RECORDS SHOWN |
- Opening Delimiter -

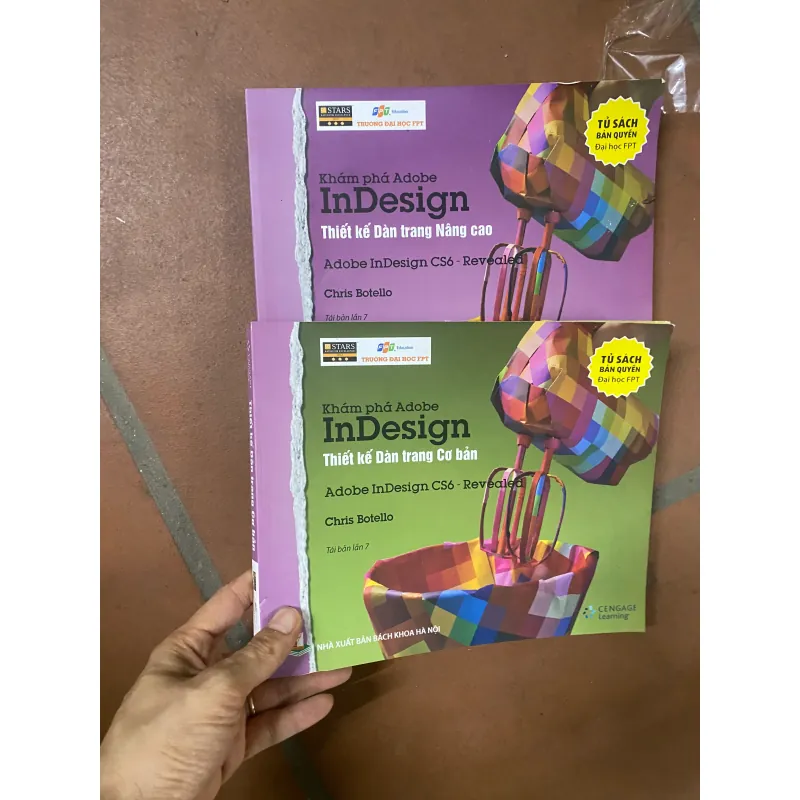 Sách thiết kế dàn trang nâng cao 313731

- Closing Delimiter -
- Opening Delimiter -

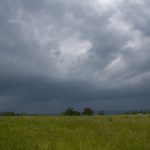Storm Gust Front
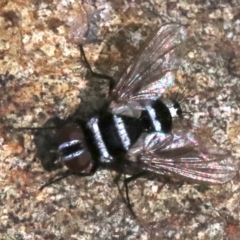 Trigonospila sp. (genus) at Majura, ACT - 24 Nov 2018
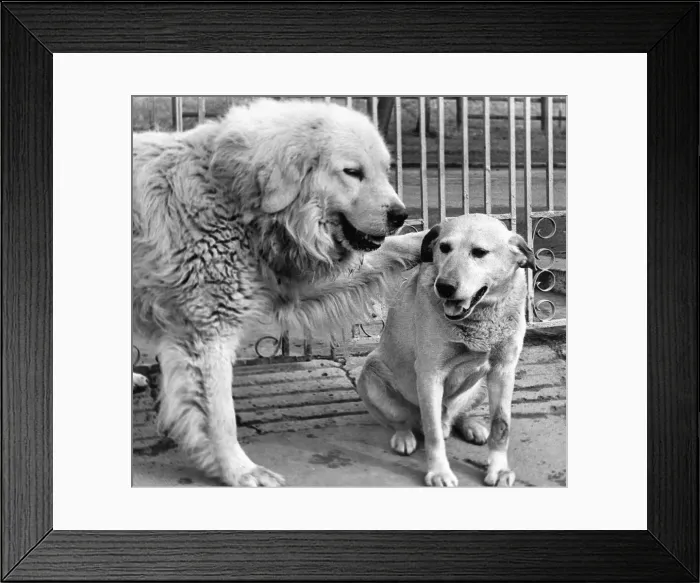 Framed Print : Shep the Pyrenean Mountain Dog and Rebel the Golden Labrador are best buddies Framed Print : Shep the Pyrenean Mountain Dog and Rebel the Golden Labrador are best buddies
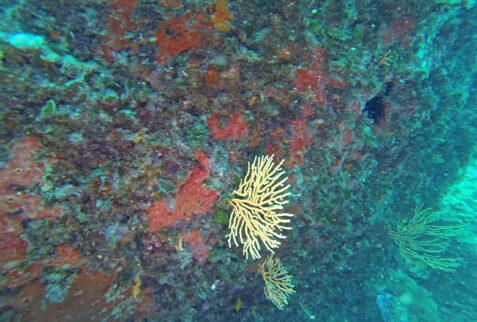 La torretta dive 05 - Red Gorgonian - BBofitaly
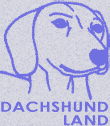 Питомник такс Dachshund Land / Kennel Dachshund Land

- Closing Delimiter -

ACTIVITY | Line for line, output the entries above from the line with "Trigonospila sp. (genus)" to the line with "Питомник такс Dachshund", both included, and nothing more. Skip pictures.

ANSWER TO THIS TASK |
 Trigonospila sp. (genus) at Majura, ACT - 24 Nov 2018
 Framed Print : Shep the Pyrenean Mountain Dog and Rebel the Golden Labrador are best buddies Framed Print : Shep the Pyrenean Mountain Dog and Rebel the Golden Labrador are best buddies
 La torretta dive 05 - Red Gorgonian - BBofitaly
 Питомник такс Dachshund Land / Kennel Dachshund Land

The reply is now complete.